Related: Where Can Americans Travel Right Now?

How to Know When Testing Requirements Will Be Lifted?

The decision to lift the testing requirements for entry into the U.S. will ultimately come from the Centers for Disease Control and Prevention (CDC).

The CDC recently amended guidelines for travel during COVID-19. It still recommends delaying travel until you are fully vaccinated and has different guidelines in place for unvaccinated and vaccinated travelers. For domestic travel, the CDC is no longer advising to get tested if you have been fully vaccinated. Instead, it states to simply self-monitor for symptoms and wear a mask during travel, which is currently a federal requirement.

For international travel, the CDC advises you to fully understand and follow all destination requirements regarding testing, mask wearing, and quarantine. It currently requires all travelers to have a negative COVID-19 test no more than three days before returning to the U.S. or documentation of recovery from COVID-19 in the past three months. After an international arrival, the CDC is still recommending getting another test 3-5 days after travel.

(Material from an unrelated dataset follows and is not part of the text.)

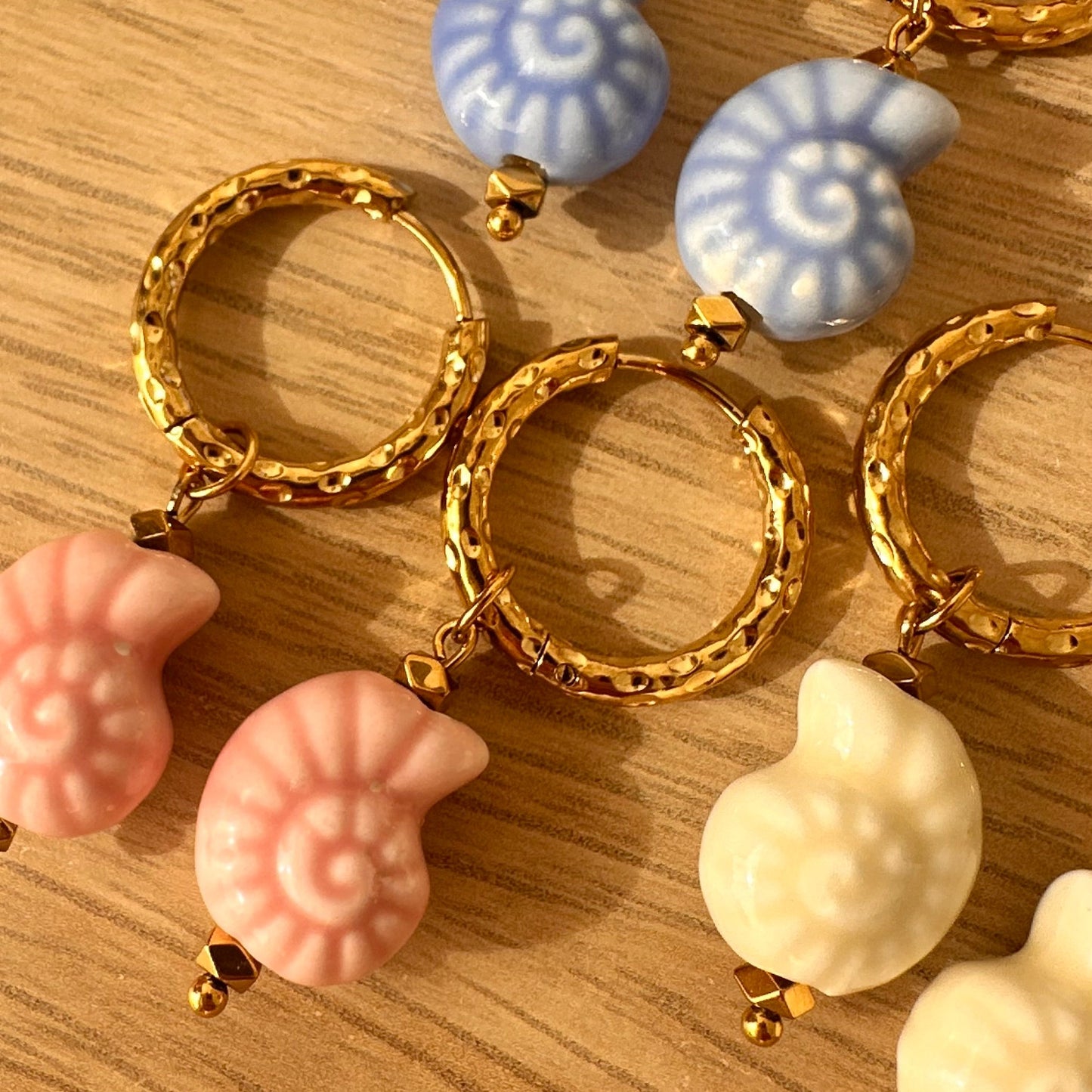 Boucles escargot céramique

Since the CDC is no longer recommending testing for domestic travel if you’re fully vaccinated, I think there is a light at the end of the tunnel for entering the U.S. without testing requirements. Time will tell when this restriction will be lifted, but I believe we’ll still have the testing requirement through most, if not all, of 2021.

Once vaccination rates around the world catch up to the numbers seen in the U.S. and new variants are under control, I think we’ll start to see testing requirements disappear for fully vaccinated travelers. It may only be for arrivals from certain countries at first, but hopefully by this time next year, we’ll all be able to travel seamlessly across the world again.

For the most up-to-date guidelines and travel requirements, make sure to keep your eye on the CDC’s COVID-19 page for international travel.